This book has a lot of content warnings but one I didn't see mentioned in the book itself is domestic violence, when that's a really prominent theme in this book. Also intent to force a pregnancy.
If you've read the previous book a long time ago and are wondering if you need to refresh your memory on it before starting this one, the answer is no. The author does a great job explaining everything you need to know in the first chapter or two, without it feeling infodumpy.
She does hop around place and time in a confusing way but after a few chapters the story becomes coherent and stays that way until near the end, when she starts hopping around again for no discernible reason. It's clumsy but alas.
I actually never read book 1, only this one, and had no issue following along with anything.
What I do take issue with is the marketing of this book. This book is tagged romance (literally, on the back of my edition romance is the only genre mentioned for this story) and this absolutely isn't a romance or a romantasy. This is a fantasy with love interests/sexual partners, but it doesn't follow any of the plot beats of a romance.
It's good that this isn't a romance because this author is awful at writing those. Her characterisation is weak, she has to rely on telling us how characters feel and think rather than showing us. Caris, the dead sister, never feels important. We aren't shown what she meant to Ophir or Ceneth, we get no flashbacks to memories with her. We only get told she was perfect to Ophir's imperfection and she hated war. That's it.
There is no chemistry between any of the people supposed to be romantically and sexually involved. At some point, one of the characters mentions loving someone else and it felt like a plot twist or a lie. There was no build up and nothing they did or said expressed love or affection even.
I'd actually love to see a fantasy horror from this author because of her strengths. She's imaginative and the storyline in this book is interesting and engaging. The book does feel about 150 pages too long but I mostly blame the characterisation and romancelike subplots for that. (Goodreads has this listed as 464p but my version is 498p and you definitely wish it was 464 all throughout.)

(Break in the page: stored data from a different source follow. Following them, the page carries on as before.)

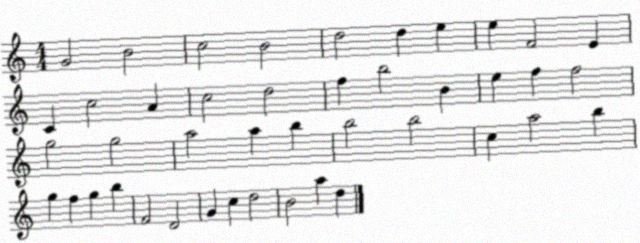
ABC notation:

X:1
T:Untitled
M:4/4
L:1/4
K:C
G2 B2 c2 B2 d2 d e e F2 E C c2 A c2 d2 f b2 B e f f2 g2 g2 a2 a b b2 b2 c a2 b g f g b F2 D2 G c d2 B2 a d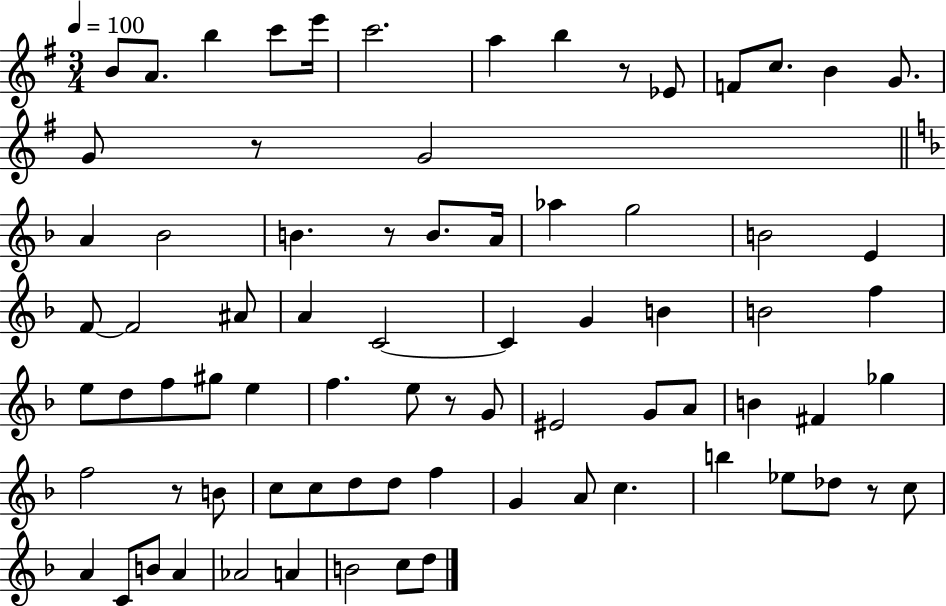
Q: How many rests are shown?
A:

The worldbuilding has good elements, like her descriptions of the horrific creatures and deaths are awesome. On the other hand, her descriptions of everything else are so bad and sometimes we get weird references to our world, like certain sayings or mentions of bacon, whereas other times it's very much fantasy-speak.
The writing is also really bad. If this were a debut author I would've chalked it up to lack of experience but she's published half a dozen books or so already. Her editor is subpar and she needs to work more on her craft.
It feels on the one hand like she wants to write things in a unique way, to set her apart from other fantasy and romantasy authors but in doing so her metaphors and similes make no sense. Her writing reads clunky and there are some basic issues with it as well, like an overreliance on passive sentences or grammatical errors that make it seem like this was supposed to be read solely via audio. And the plot holes, like a sword that had been stolen reappearing suddenly in the next scene without any mention of its retrieval.
These strange word choices strongly impact the sex scenes in particular. "His lips tasted like sunshine" after he ate her out. Girl, your clit does not taste like sunshine. Your shit does not smell like roses and sunshine isn't a flavour.
The prologue is the best part of this book and Queen Zita is the best character so if you aren't vibing then you won't like this book.
Onain is also really cool, as irrelevant as she is to the story.
Ophir is a frustrating main character and one of the least compelling povs to read from. Her main traits are some weird magic and her poly situationship stuff: very average ya protagonist.
She's also intellectually not all there, much like her father. The conversation she has after she meets the medium is so frustrating because she understands nothing when it's so obvious.
I also hate the pronunciation guide. It's so US-ian. I refuse to pronounce Ceneth's and Caris's names correctly.
Someone else mentioned chapter 42 and they were right. As villainous as the villain of this book is (yes, singular, because there is one worst person) I didn't think they'd go there. I held out hope. And I feel like Suley's case should've hinted at the solution for this, to cut off (spoiler) before the villain finishes the (spoiler).
Finally, it's 2025 so tell me why are we still referencing goblins in books and why are we still using the same stereotypes to limit them to? So disappointing to read. It was a throwaway line at the beginning that adds nothing to the story so it could easily and should definitely have been edited out or rewritten, and then a few sentences in the already awful epilogue.
Enjoyment-wise this was a 3,25. Objectively, this falls somewhere in the 1,75 to 2,5 range. So it's getting a 3 and I'll be skipping the next 5 years worth of books this author's coming out with to give her some time to grow in her writing because oof, this was bad. See y'all in 2030.